Like many service based agencies, we tried to do it all — brand strategy, digital strategy, content strategy, site ux, design, frontend development, backend development, application development, print design, film video, animation video, marketing automation, etc. We even helped clients write books. Looking back, we were getting in way over our head and spreading ourselves too thin.

We thought we were great creative strategist, but our strategies were plans we couldn’t execute. The following are some critical lessons this taught me.

Missing the Details

Our team was smart and super creative and we operated from a place of strategizing and brainstorming and believing whatever we could create in our minds, we could execute. Client’s expected us to execute as we strategized, and this wasn’t always a feasible or realistic course of action.  

Solution Design

We had a great niche target audience. Unfortunately we were blind to the fact that we had no targeted solutions to meet the needs of that audience.

Assuming Needs

We assumed our clients needed great creative, strong brands and clear stories. While those things are helpful, it is not what they were desperate for. We learned over time, our clients needed the basics. Simple, executable plans to help with email, social, site, and more.

Our model was broken because we were so focused on creating awesome things for our clients that we did a poor job listening to what they actually needed.

When I was able to really step back, here is what I learned about nonprofits…

  • 80 percent of people don't give a recurring gift to nonprofits because they were never told thank you.
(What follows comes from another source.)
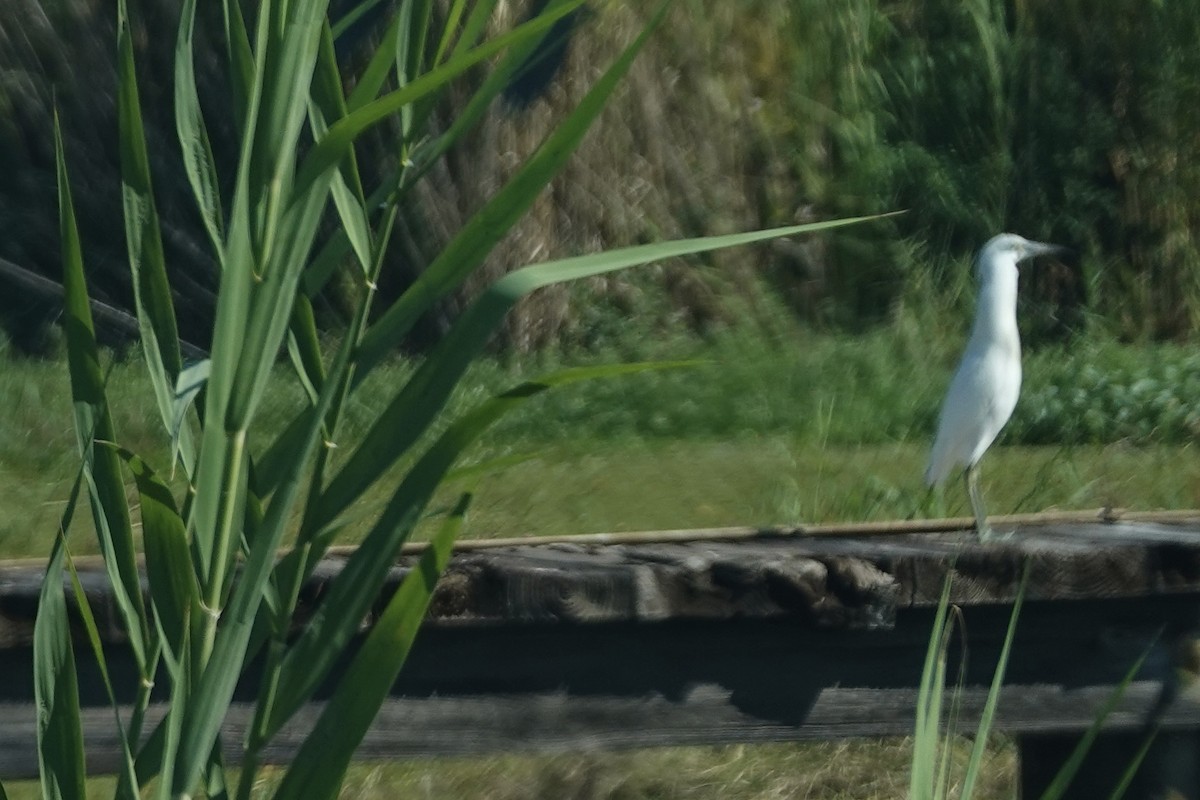 Little Blue Heron - ML644262963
  • On average in the U.S., nonprofits only obtain just over 50 percent of their multi-year donors and 28 percent of their first year donors.

If you want to help nonprofits, you need to help them say thank you in a way that is personal and scalable. And after years of conversations with struggling clients, I realized it was right in front of me. They needed systems that worked and processes that were effective and manageable to implement.
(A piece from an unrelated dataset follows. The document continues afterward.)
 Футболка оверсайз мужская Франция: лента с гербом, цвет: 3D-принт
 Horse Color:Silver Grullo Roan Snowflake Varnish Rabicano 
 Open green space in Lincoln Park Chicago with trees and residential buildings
In trying to accommodate the needs of small nonprofits, we never understood the founding principle of business that you have to know your customer and their needs to create a valuable product…


The True Cost to Execute

In the last post, I discussed some of my major lessons learned from not understanding the needs of the nonprofit clients we were serving. Many of our clients were small to medium in size who had never engaged a team like ours. And really, they’d never even tried to implement the types of strategies we were recommending.

As we were closing out the business, I realized that for every dollar we made executing a deliverable, we gave an extra dollar in training and support. This was a major flaw in our model. We were offering solutions too complicated for our clients to maintain or implement without support.

A great example of this was when we were building out custom sites. They were these complicated content management systems for our clients that they never ended up using. A client who also happened to be a good friend put it this way, “You sold me a BMW that we couldn’t afford the maintenance on.” For this client’s project we billed around $15,000 to $20,000. Other companies doing similar builds in the for profit space were charging $50,000 or more for the same thing.

In hindsight, even if we’d realized this with time to act, it still wouldn have presented as a problem. We needed to be charging more for what we were actually providing, but charging more would mean pricing ourselves out of the market. Remember, these are clients with little to no budget for marketing type solutions.

We thought we were doing an incredible service to our clients when really we were undercharging and overselling. This critical issues was a piece of the issue we were having with our business model in that we weren’t accurately quantifying the work and costs incurred for specific projects.


Too Many Hats in Our Startup

Over the last several posts, I’ve been discussing some key lessons learned about the flawed business model we employed with a business partner in my first startup I was a minority owner in. Today I’ll discuss another gap in the model around trying to accommodate lots of disparate needs. In short, we wound up wearing too many hats and creating several mini-businesses.

We had eight employees and eight unique individual skill sets. One person did development, one did design and one did video. If one person was sick, or if they left, about half of our projects were typically at risk. In the case of leaving, by the time we found replacement talent, we’d have another hole to fill. We were constantly in flux with talent and skill sets, which hurt us in consistency and execution. The talent we did have were like little mini kraft shops, because no one was a generalist or could pick up the specialized work others were doing. With no specific products, this was even more compounded. We had very specialized people working on custom projects with no standard offerings or model.  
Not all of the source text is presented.